The Valley’s weather will make a 180-degree turn for Mother’s Day weekend — from a storm system that brought rain, hail and snow to Valley and Sierra to plenty of sun and cranked-up heat.
The mercury in Fresno and the Valley will touch well into the 80s, with Fresno’s high Sunday forecast at 86 degrees, said Carlos Molina, a meteorologist with the National Weather Service in Hanford. Saturday’s high is expected to reach 80 degrees; weekend lows are projected in the low 50s.
The latest system, which came in late Wednesday from the Northwest, brought about a tenth of an inch of rain to most of Fresno, Kings and Tulare counties. Several areas reported hail, lighting and strong winds as well, Molina said.
Merced and Madera counties tallied about 0.25 of an inch of rain. Some higher elevations in Yosemite received up to a foot of snow.

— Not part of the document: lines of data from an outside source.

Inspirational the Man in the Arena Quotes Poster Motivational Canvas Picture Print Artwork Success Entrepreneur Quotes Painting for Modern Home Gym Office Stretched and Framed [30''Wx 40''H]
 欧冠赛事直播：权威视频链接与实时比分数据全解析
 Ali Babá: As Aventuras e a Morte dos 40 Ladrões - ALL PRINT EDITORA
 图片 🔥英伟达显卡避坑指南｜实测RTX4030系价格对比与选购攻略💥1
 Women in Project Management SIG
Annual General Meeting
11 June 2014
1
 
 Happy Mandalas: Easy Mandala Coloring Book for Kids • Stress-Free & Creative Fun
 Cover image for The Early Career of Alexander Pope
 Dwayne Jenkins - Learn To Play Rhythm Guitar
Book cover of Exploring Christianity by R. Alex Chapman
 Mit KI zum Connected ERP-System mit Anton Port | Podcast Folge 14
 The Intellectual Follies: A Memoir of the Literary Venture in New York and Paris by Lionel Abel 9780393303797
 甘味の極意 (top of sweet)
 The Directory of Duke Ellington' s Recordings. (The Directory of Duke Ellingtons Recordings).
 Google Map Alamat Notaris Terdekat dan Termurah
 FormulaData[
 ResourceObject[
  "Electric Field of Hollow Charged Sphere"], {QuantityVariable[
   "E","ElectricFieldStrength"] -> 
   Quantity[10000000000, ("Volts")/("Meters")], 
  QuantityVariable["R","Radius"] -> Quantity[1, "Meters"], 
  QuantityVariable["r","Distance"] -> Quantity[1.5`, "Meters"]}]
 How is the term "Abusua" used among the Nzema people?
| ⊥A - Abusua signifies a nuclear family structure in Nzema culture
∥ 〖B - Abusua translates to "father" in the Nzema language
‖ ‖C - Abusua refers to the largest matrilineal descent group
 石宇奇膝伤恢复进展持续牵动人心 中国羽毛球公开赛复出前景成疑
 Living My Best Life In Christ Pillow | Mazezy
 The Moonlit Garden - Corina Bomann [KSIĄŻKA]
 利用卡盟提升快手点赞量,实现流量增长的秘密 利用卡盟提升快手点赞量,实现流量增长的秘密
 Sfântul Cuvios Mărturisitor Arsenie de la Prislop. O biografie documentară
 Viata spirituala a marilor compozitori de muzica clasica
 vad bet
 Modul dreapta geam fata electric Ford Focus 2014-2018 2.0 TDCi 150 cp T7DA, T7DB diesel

The Valley has received 6.12 inches since Oct. 1, but that’s still about half the seasonal average for this time of year of 10.82 inches.
The Valley will continue to get hotter and drier as June approaches, with most of the daytime highs staying in the 80s throughout the coming week. But a small window remains for more thunderstorms, which are relatively common in May, Molina said.
Another storm system is projected to hit the Valley by next Friday, Molina said, adding this one is “showing a very similar pattern to the storm that just occurred.” However, Molina cautioned that most of that system, as of now, is more likely to hit farther north, like Sacramento and the Bay Area.
“We’re hoping the one on Friday continues in this direction,” he said.
Elsewhere in California, the hit-and-miss system meant a May snow day shuttered schools in the Rim of the World district atop the San Bernardino Mountains east of Los Angeles.
Several inches fell in tiny Lee Vining, a town with about 200 people at 6,700 feet just east of Yosemite National Park.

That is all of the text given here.